Матюха вгляделся в мутное лицо, угадал Саньку, и у него ослабли пальцы.
— Куда это несешься? Чуть с ног не сшибла.
Санька не отняла руки, топталась, и неловкость испуга согнал начисто обрывающийся смех. Матюха касался пальцем ее холодной руки, вертел на кулаке свою шапку и не знал, что еще сказать Саньке.
— Небось на улицу наряжаешься?
Санька засмеялась звонче и задорно выпалила Матюхе в лицо:
— Небось что! Не по-твоему дрыхнуть с вечера.
— Моя такая ваканция.
— А ты не поспи ночку, авось днем нагонишь свое.
— Ночку?
Матюха задержался в нерешительности, но Санька неожиданно отняла руку и, стремительно оглянувшись, шепнула:
— Идет ктой-то. Пусти, прицепился!
Она скрылась, как серое облачко. Матюха подождал с минуту и тяжело стронулся с места.
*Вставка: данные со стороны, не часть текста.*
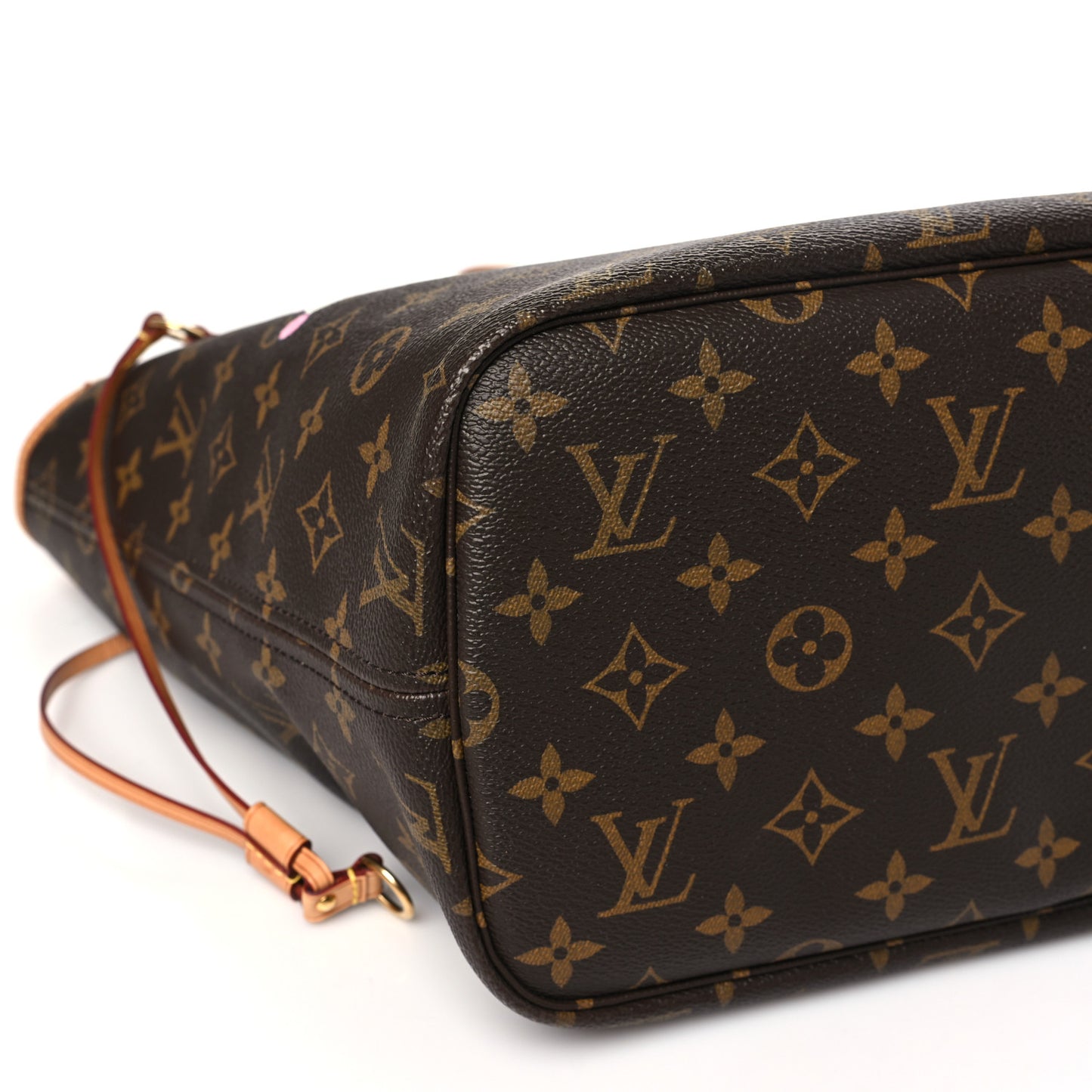 Monogram My LV World Tour Neverfull MM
Всю дорогу до избы перед ним стояла Санька, и как-то совсем не вязалось с ее обликом прозвище, данное ей «улицей», — Ледник.
Матюха вспомнил, как год тому назад судили в школе виновников Санькина прозвища — Тишку Садкова, Васька Ермохина и Иваныча. Это были отъявленные хулиганы, пьяницы, они разгоняли девок, били ребят и изводили все село грубыми проделками: затыкали трубы, спускали под гору водовозки, запирали двери на замок, потом отходили на дорогу и орали: «Пожар!» Запертые в доме начинали метаться, кричать, лезли в окна, пока выбежавшие из домов соседи не успокаивали их.